Y ambos fueron cumplidos por los lusos, ya que la Monarquía Hispánica se veía inmersa en varios conflictos importantes en teatros exteriores como Flandes o Lombardía, dentro ya de la luego llamada Guerra de los Treinta Años (1618-1648), y en el interior de Cataluña, que con ayuda francesa también se había sublevado antes en al annus horribilis de 1640.
En la Corte de Madrid se consideró finalmente que era más significativa la amenaza de escisión catalana y hacia esa geografía se desviaron las mejores tropas peninsulares, dejando a Portugal opacado y en segundo plano estratégico. Esto fue un grave error que propiciaría el apuntalamiento progresivo de D. Joâo, como nuevo rey de Portugal, y permitiría incluso la depredación constante de las localidades castellanas fronterizas, en un tipo de guerra violenta, saqueadora y frecuente.
En esta primera fase, los rebeldes bragancistas se atrevieron incluso a penetrar con fuerza en Castilla durante la campaña de 1644 que terminó en el llamado encuentro de Montijo, una localidad cercana a Badajoz. La batalla campal tuvo varias fases y gran mortandad, con una finalización donde los portugueses se retiraron hacia su propio territorio, malparados claramente por la caballería del barón de Molinghen, pero recuperando al menos su artillería perdida. Dos años después, de nuevo intentaron otra incursión importante hacia la propia Badajoz, que se volvió a saldar con otra derrota táctica, tras su luchada retirada del fuerte de Telena.
Mientras ocurrían estos embates en la península, siempre teniendo Felipe IV predilección por el teatro catalán, en Europa se llegaba al término de la guerra de los Treinta Años con el tratado de paz de Westfalia (Osnabrück y Münster) en 1648, que otorgó la ansiada independencia a los neerlandeses de la Provincias Unidas, entre otras cosas.asedio de Badajoz 1658
Segunda fase de la Guerra de Portugal (1648-1659)
El segundo periodo tuvo una desescalada de operaciones relevantes, salvo algunos encuentros de la móvil caballería, hasta que la Monarquía Hispánica conquistó la importante plaza fuerte de Olivenza en 1657. Antes se había encarrilado el problema catalán con la toma de Barcelona en 1652 por Don Juan José de Austria, aunque Francia seguía luchando, por la preponderancia en el Continente, en los teatros principales de Flandes y Lombardía.

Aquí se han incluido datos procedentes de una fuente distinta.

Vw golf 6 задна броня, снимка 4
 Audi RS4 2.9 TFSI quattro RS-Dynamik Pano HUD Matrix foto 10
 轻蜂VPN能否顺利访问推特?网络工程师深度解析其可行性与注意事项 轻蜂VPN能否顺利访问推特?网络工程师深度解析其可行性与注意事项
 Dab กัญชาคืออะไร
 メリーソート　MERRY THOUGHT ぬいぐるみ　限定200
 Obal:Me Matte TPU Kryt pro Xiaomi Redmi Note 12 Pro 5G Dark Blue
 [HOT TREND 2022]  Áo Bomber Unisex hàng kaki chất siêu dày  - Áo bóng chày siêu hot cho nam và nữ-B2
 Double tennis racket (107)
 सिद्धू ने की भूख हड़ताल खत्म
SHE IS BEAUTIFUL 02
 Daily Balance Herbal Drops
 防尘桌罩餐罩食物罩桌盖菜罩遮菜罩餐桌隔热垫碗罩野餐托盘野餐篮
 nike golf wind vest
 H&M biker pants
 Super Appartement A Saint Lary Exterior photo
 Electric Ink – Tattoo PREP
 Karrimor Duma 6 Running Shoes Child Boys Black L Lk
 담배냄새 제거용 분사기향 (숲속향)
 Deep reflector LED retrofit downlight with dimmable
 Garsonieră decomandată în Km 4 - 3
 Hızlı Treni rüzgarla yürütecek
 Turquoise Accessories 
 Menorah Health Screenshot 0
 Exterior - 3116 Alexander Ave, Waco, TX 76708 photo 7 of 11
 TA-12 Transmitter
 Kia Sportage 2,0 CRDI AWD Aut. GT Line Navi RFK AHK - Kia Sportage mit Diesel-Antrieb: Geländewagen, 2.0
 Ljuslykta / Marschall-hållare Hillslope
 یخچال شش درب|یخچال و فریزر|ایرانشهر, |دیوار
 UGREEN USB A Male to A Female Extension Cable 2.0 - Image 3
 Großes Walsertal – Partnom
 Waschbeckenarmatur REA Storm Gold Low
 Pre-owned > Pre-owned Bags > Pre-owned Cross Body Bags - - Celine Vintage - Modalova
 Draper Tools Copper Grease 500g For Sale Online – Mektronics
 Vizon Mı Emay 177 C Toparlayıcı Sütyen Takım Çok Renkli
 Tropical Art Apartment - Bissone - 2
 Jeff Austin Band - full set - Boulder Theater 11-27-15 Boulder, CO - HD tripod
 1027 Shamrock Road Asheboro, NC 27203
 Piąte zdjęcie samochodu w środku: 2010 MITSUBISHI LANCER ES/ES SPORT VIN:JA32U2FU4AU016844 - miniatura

Precisamente en apoyo de eso, fue muy relevante la alianza entre Inglaterra y Francia que provocó más tarde la decisiva derrota de las Dunas durante 1658, la cual provocó la caída del sistema defensivo hispánico en Flandes, y finiquitó la cuestión un año después con el tratado de los Pirineos. En dicha paz, Felipe IV tuvo que ceder el Rosellón, el condado de Artois y algunas plazas fronterizas, además de ofrecer la mano de su hija, María Teresa de Austria, al rey Luis XIV.
A su vez, en la Raya, la Monarquía Hispánica luchaba conjuntamente para conquistar las importantes plazas fuertes lusas de Elvas (Alentejo) y Monçao (Alto Miño). En la primera sufrió un estrepitoso fracaso, con el socorro portugués el día 14 de enero de 1659 que desbarató la línea de circunvalación hispánica dirigida por el favorito del rey, Luis de Haro. Mientras, en la segunda, tras un asedio de cuatro meses, el triunfo sonrió a las armas hispánicas dirigidas por el marqués de Viana, alegrando un tanto a la corte madrileña con este suceso favorable.
Tercera Fase (1659-1668)
Con los frentes exteriores cerrados, Felipe IV pudo, por fin, centrar los esfuerzos bélicos enteramente en la recuperación de Portugal. El encargado de esta complicada empresa sería su hijo bastardo, Don Juan José de Austria, veterano y todavía con cierto ascendiente sobre sus cabos y tropas.
El problema ahora era que igual el momento idóneo para realizarlo ya había pasado. El reino bragancista había apuntalado su legitimación dinástica, había fortalecido durante décadas sus plazas abaluartadas, su ejército -organizado en tres escalones- estaba a un nivel táctico adecuado y contaban, por si fuera poco, con las gravitantes alianzas de Inglaterra y Francia para sostener su causa. Por último, ante la probable acometida hispánica, lucharían en terreno propio con las ventajas inherentes de comunicaciones, información y pertrechos que esto significa.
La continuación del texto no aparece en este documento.